### Work task
Your response to the data below should hold nothing except the lines from the one containing "Flyfisherman releasing brown trout." down to the one containing "8 семена за", reproduced exactly and without pictures.
==== Study material ====
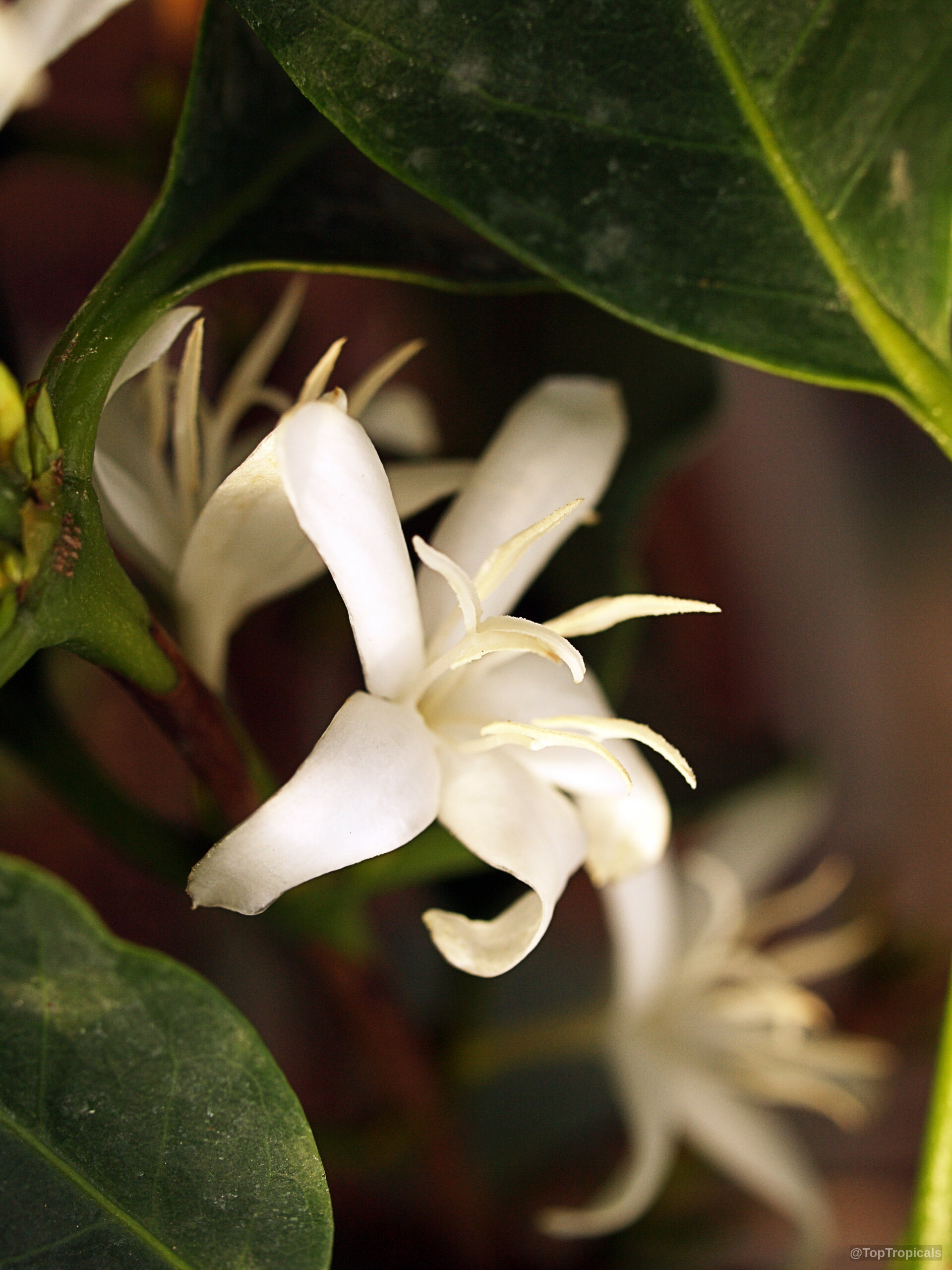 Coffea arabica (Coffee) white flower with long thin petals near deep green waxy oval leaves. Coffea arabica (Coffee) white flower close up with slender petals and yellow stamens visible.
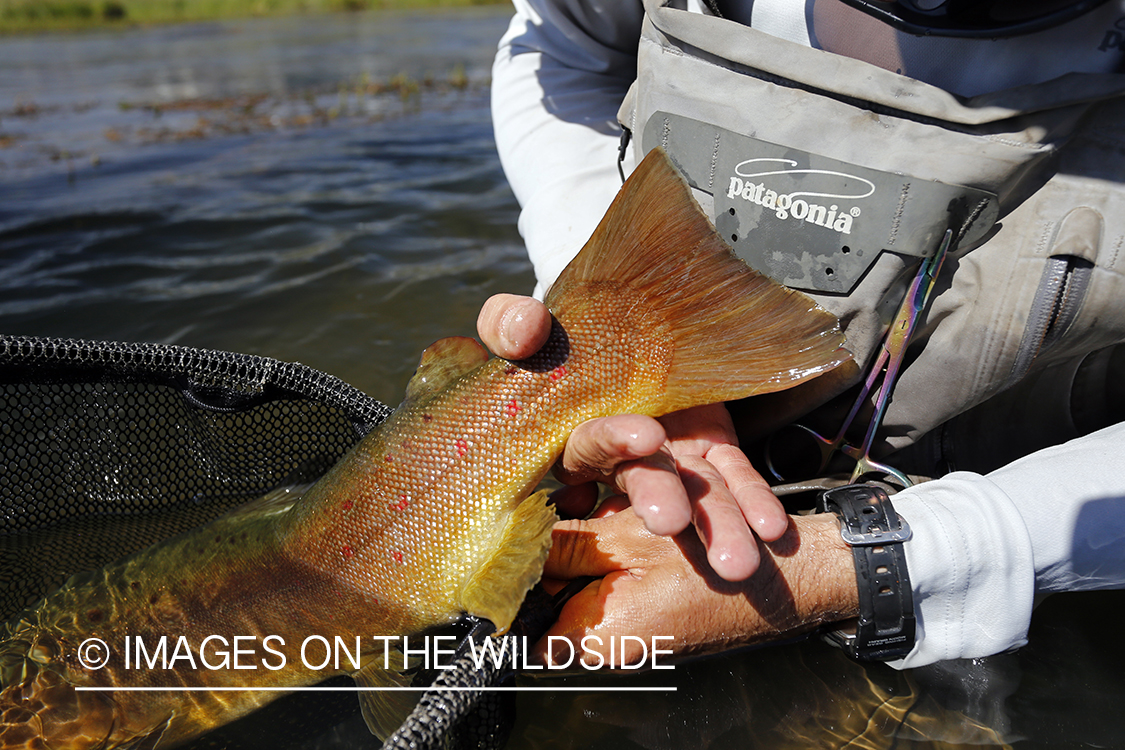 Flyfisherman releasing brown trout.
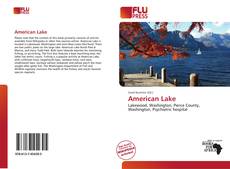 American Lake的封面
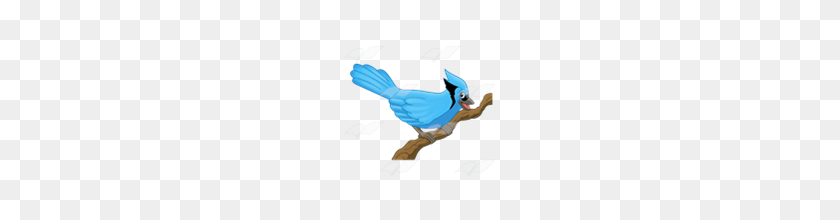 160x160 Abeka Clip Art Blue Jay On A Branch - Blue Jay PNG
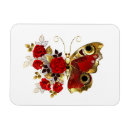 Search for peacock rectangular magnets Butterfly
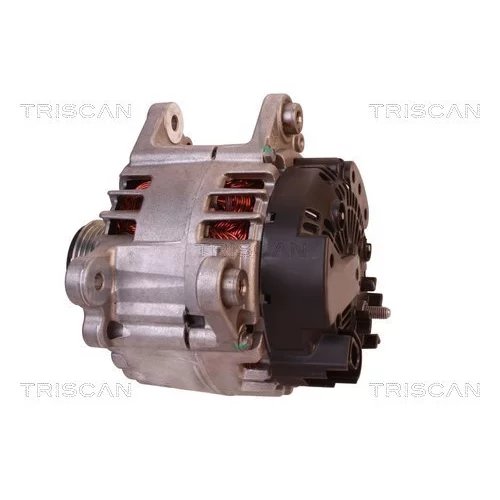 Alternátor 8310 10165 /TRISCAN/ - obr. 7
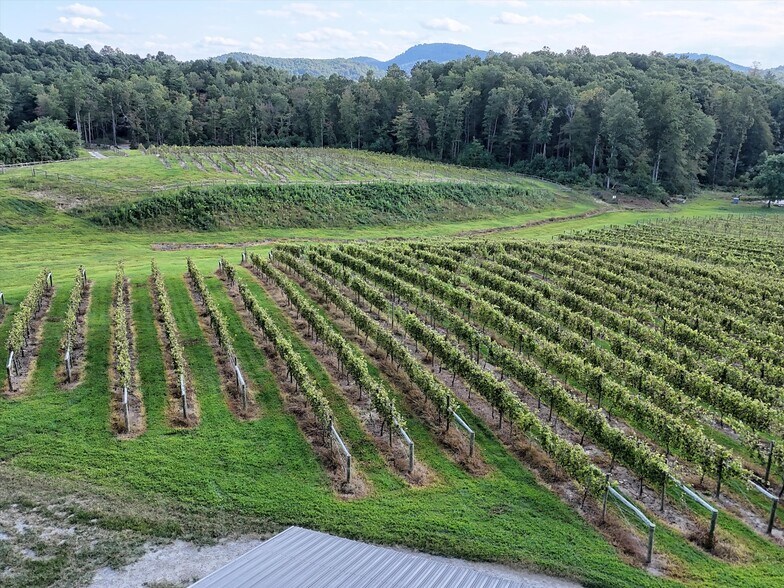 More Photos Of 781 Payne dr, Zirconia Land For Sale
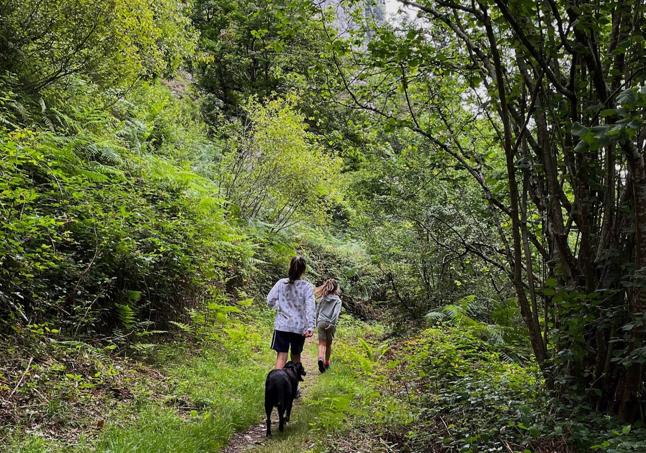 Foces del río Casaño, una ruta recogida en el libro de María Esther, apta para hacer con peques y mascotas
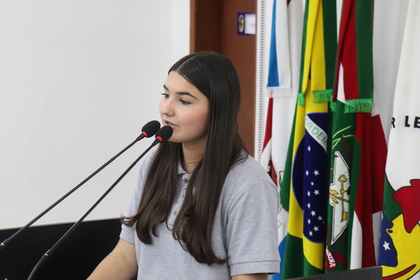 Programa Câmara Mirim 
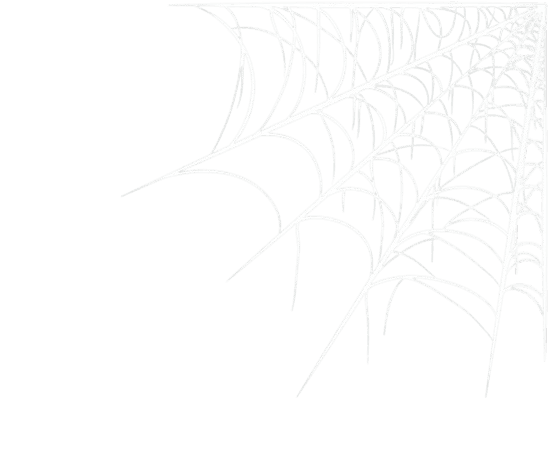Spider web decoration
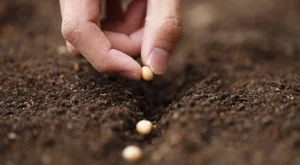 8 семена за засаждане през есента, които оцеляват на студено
====
==== Study material ====
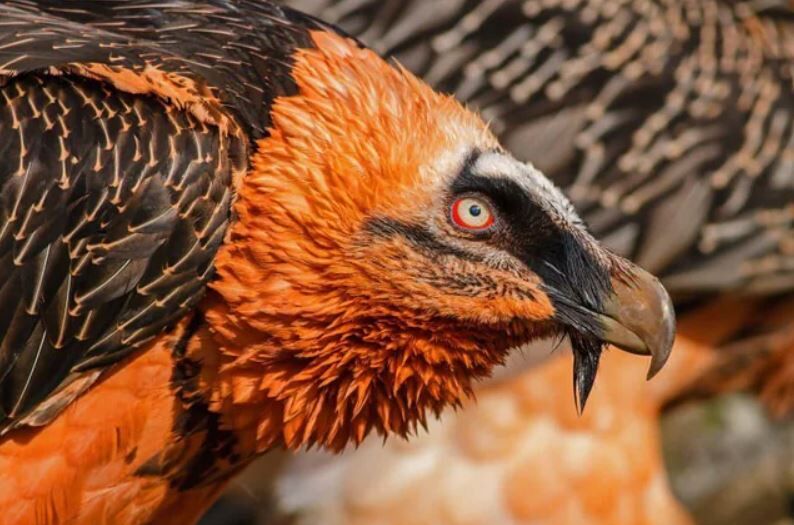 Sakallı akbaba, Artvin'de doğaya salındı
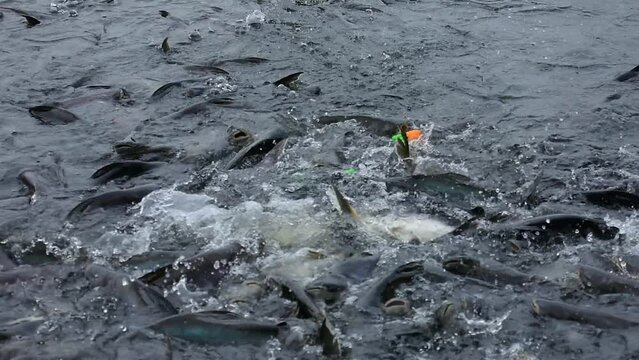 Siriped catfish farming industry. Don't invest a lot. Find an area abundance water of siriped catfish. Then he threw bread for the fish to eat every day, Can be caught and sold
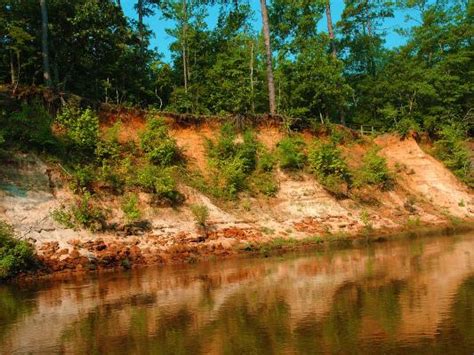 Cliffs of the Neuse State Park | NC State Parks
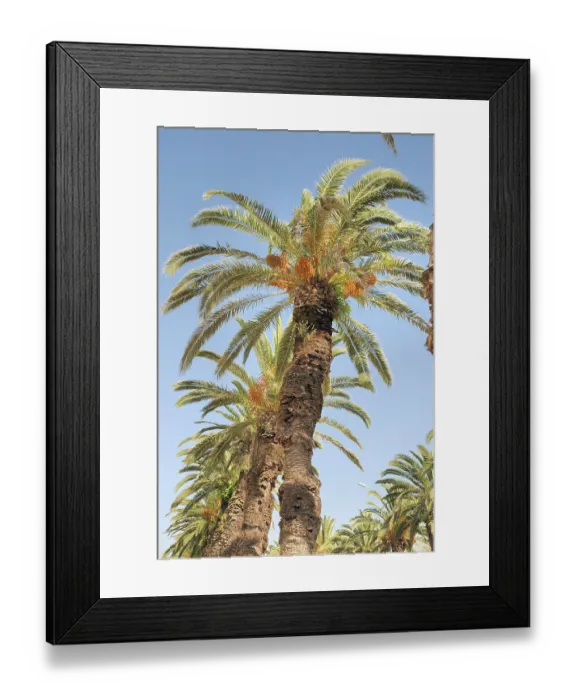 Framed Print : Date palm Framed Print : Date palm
====
==== Study material ====
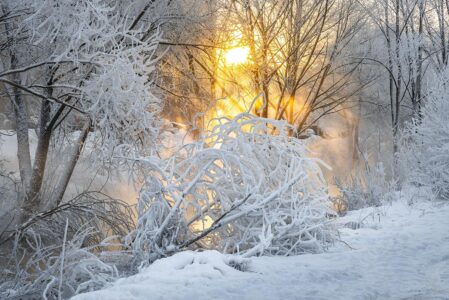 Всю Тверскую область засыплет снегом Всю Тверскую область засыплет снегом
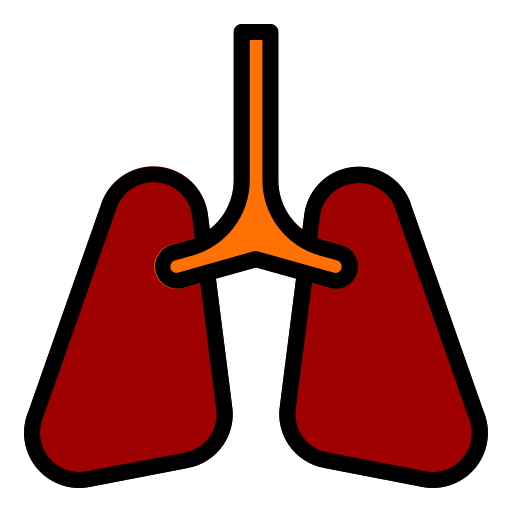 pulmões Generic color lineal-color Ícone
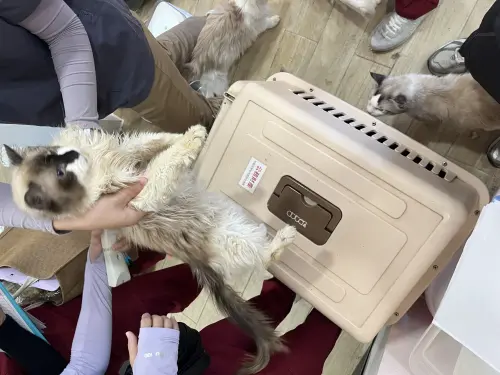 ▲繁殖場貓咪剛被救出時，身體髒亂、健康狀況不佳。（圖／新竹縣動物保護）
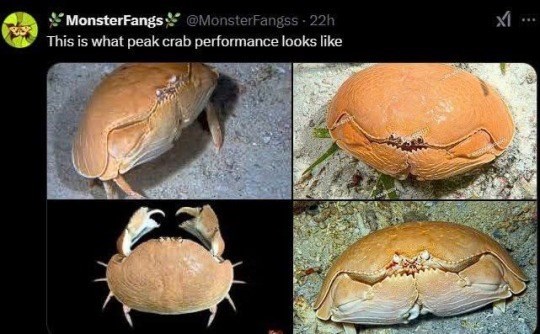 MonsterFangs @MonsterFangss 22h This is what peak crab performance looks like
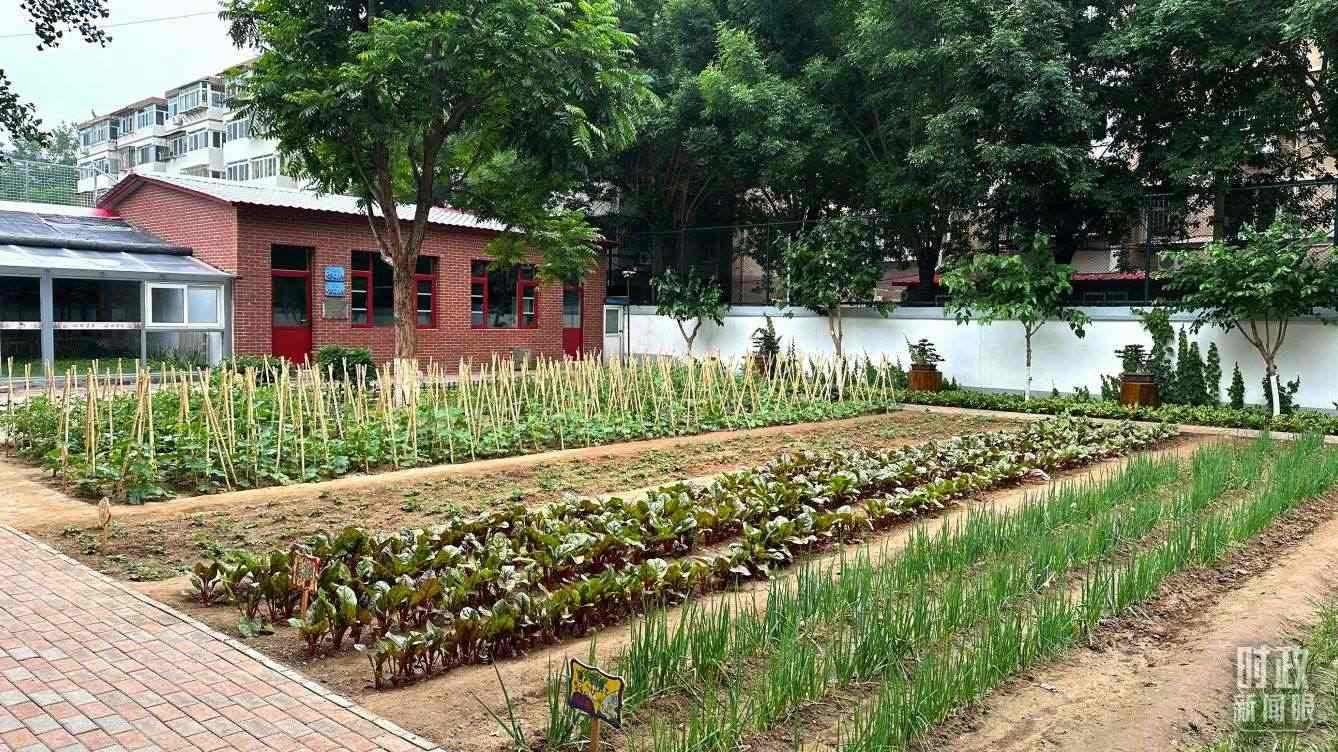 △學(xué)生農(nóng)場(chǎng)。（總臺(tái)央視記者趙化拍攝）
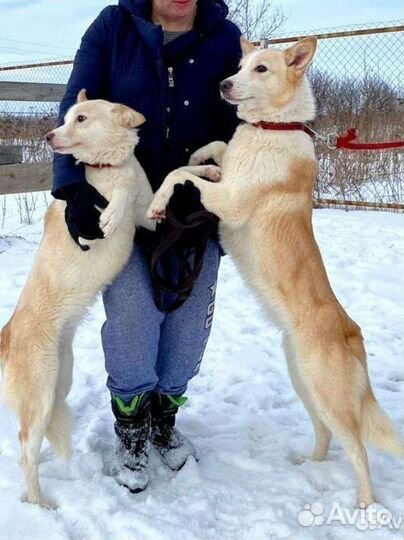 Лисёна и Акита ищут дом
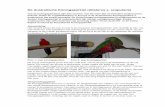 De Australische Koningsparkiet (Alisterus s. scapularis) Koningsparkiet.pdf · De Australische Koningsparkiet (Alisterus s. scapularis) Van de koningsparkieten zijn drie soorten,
====
### Answer section
 Flyfisherman releasing brown trout.
 American Lake的封面
 160x160 Abeka Clip Art Blue Jay On A Branch - Blue Jay PNG
 Search for peacock rectangular magnets Butterfly
 Alternátor 8310 10165 /TRISCAN/ - obr. 7
 More Photos Of 781 Payne dr, Zirconia Land For Sale
 Foces del río Casaño, una ruta recogida en el libro de María Esther, apta para hacer con peques y mascotas
 Programa Câmara Mirim 
Spider web decoration
 8 семена за засаждане през есента, които оцеляват на студено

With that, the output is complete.